Mary Rita Schilke Korzan escribió esto en 1980, no como poema para publicar, sino como tributo a su propia madre, poco antes de graduarse y casarse. Lo compartió en su casamiento. Los invitados lo pidieron. Y así, copia tras copia, el poema empezó a viajar sin ella —tanto que un pastor lo incluyó años después en un libro sin saber quién lo había escrito, y terminó catalogado como «autor desconocido» en una compilación de Chicken Soup for the Soul.
Le tomó años a Korzan encontrar su propio poema de nuevo, ahora atribuido a nadie. Lo que hoy leemos en español es una adaptación de ese texto original, que también perdió su firma en el camino. Vale la pena leerlo sabiendo que detrás no hay «un niño» genérico, sino una mujer que quiso agradecerle a su madre por lo que aprendió mirándola, sin que ella lo supiera.

Cuando pensabas que no te veía
Un mensaje que todo padre debe leer porque sus hijos lo están observando y haciendo lo que él hace, no lo que él dice.
Cuando pensabas que no te veía, te vi pegar mi primer dibujo al refrigerador, e inmediatamente quise pintar otro.
Cuando pensabas que no te veía, te vi arreglar y disponer de todo en nuestra casa para que fuese agradable vivir, pendiente de detalles, y entendí que las pequeñas cosas son las cosas especiales de la vida.
Cuando pensabas que no te veía, te escuché pedirle a Dios y supe que existía un Dios al que le podría yo platicar y en quien confiar.
Cuando pensabas que no te veía, te vi preocuparte por tus amigos sanos y enfermos y aprendí que todos debemos de ayudarnos y cuidarnos unos a otros.
Cuando pensabas que no te veía, te vi dar tu tiempo y dinero para ayudar a personas que no tienen nada y aprendí que aquellos que tienen algo deben de compartirlo con quienes no tienen.

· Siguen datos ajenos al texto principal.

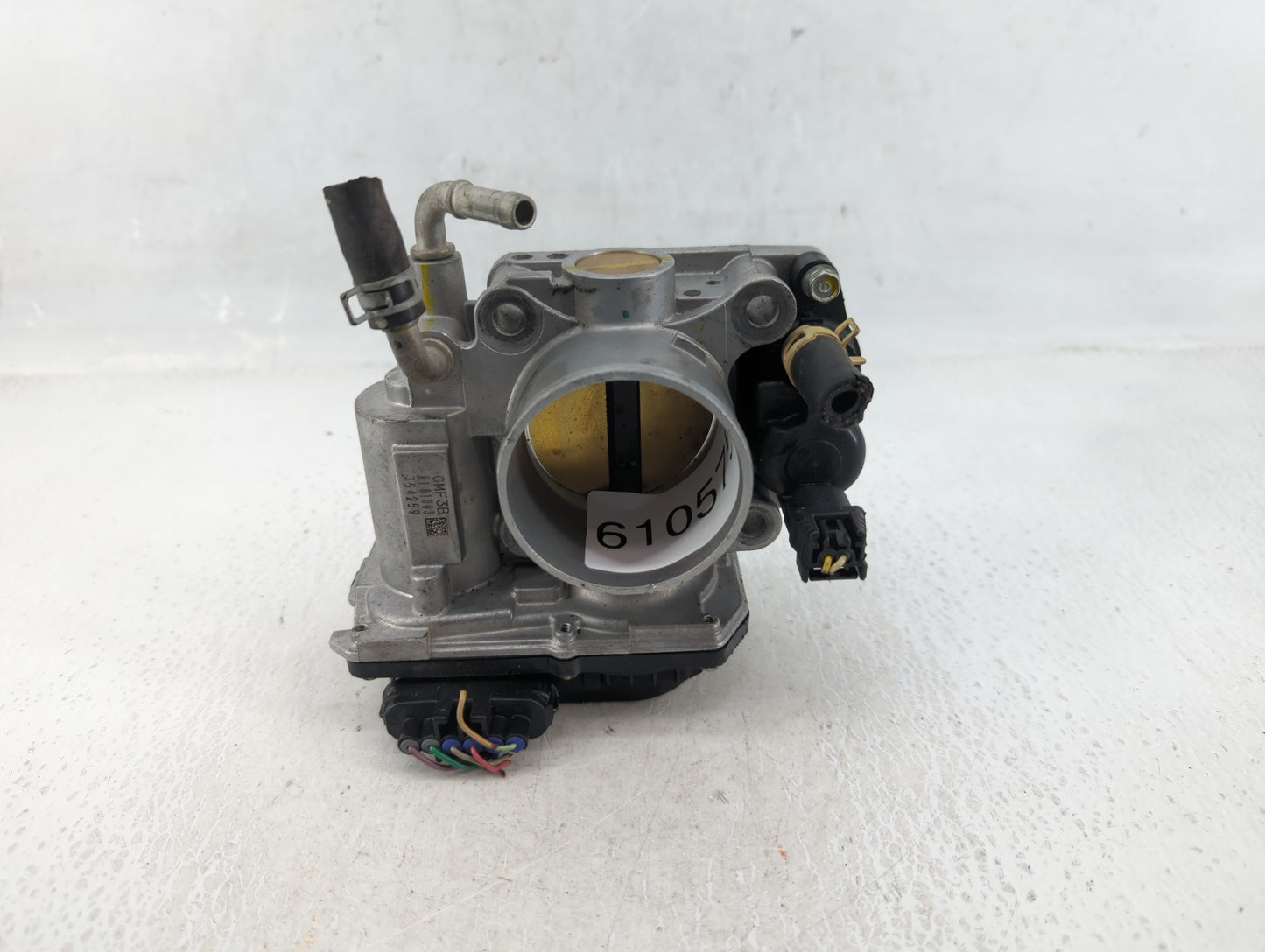 2016-2022 Honda Hr-V Throttle Body P/N:354259 M181003, GMF3B Fits Fits 2012 2013 2014 2015 2016 2017 2018 2019 2020 2021 202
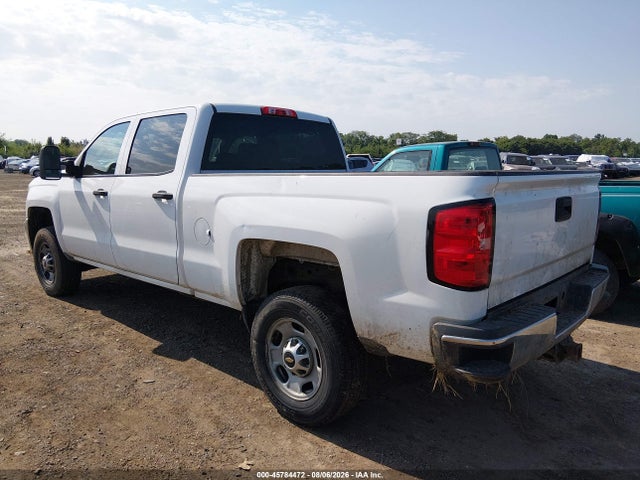 Aukcja sprzedaży 2015 Chevrolet Silverado 2500hd Built After Aug 14 Work Truck, vin: 1GC1KUEG5FF634339, numer aukcji: 45784472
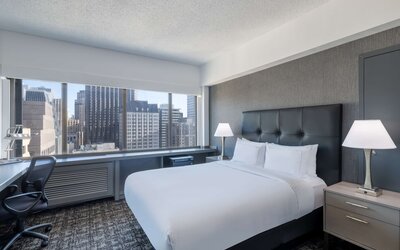Hilton San Francisco Financial District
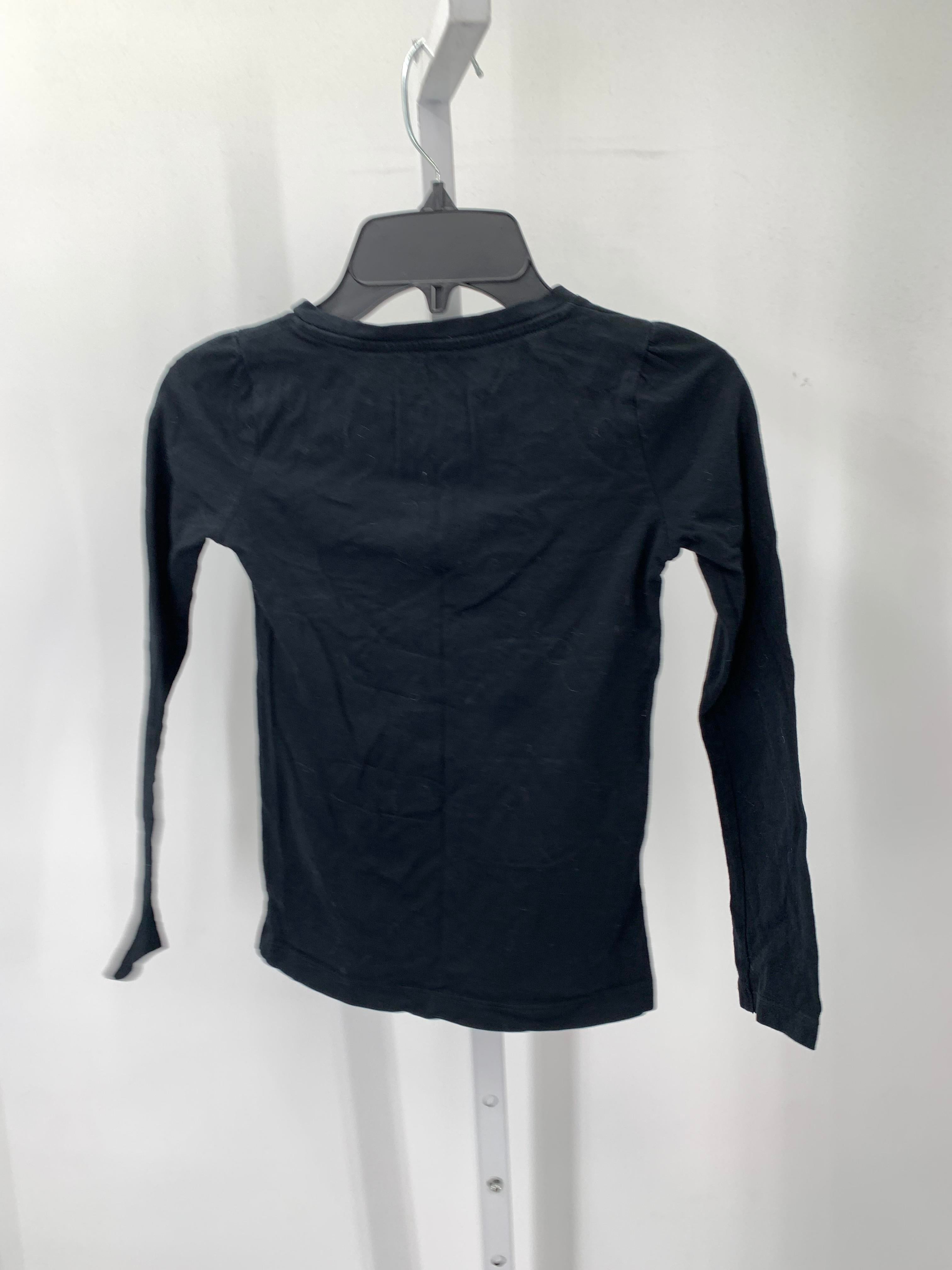 Joe Fresh Size 8 Girls Long Sleeve Shirt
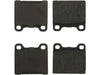 Disc Brake Pad Centric Parts 106.00310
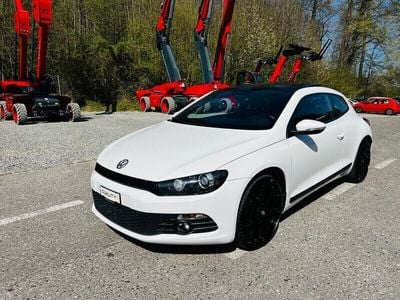 Gebraucht 2011 VW Scirocco Team Coupé | CHF 8’500 (Etwas zu teuer)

Cuando pensabas que no te veía, te sentí darme un beso por la noche y me sentí amado y seguro.
Cuando pensabas que no te veía, te vi atender la casa y a todos los que vivimos en ella y aprendí a cuidar lo que se nos.
Cuando pensabas que no te veía, vi como cumplías con tus responsabilidades aún cuando no te sentías bien, y aprendí que debo de ser responsable cuando crezca.
Cuando pensabas que no te veía, vi lágrimas salir de tus ojos y aprendí que algunas veces las cosas duelen, y que está bien llorar.
Cuando pensabas que no te veía, vi que te importaba y quise ser todo lo que puedo llegar a ser.
Cuando pensabas que no te veía, aprendí casi todas las lecciones de la vida que necesito saber para ser una persona buena y productiva cuando crezca.
Cuando pensabas que no te veía, te vi y quiero decir:
¡Gracias por todas las cosas que vi cuando pensabas que no te veía.!
Autor: Mary Rita Schilke Korzan
Hay una ironía justa en la historia de este poema: habla de todo lo que un hijo aprende observando en silencio, y él mismo tuvo que ser observado en silencio, durante años, antes de que alguien reconociera quién lo había escrito.
La lección de fondo no cambia con la autoría: los hijos no aprenden de lo que les decimos que hagan. Aprenden de lo que nos ven hacer cuando creemos que no nos están mirando.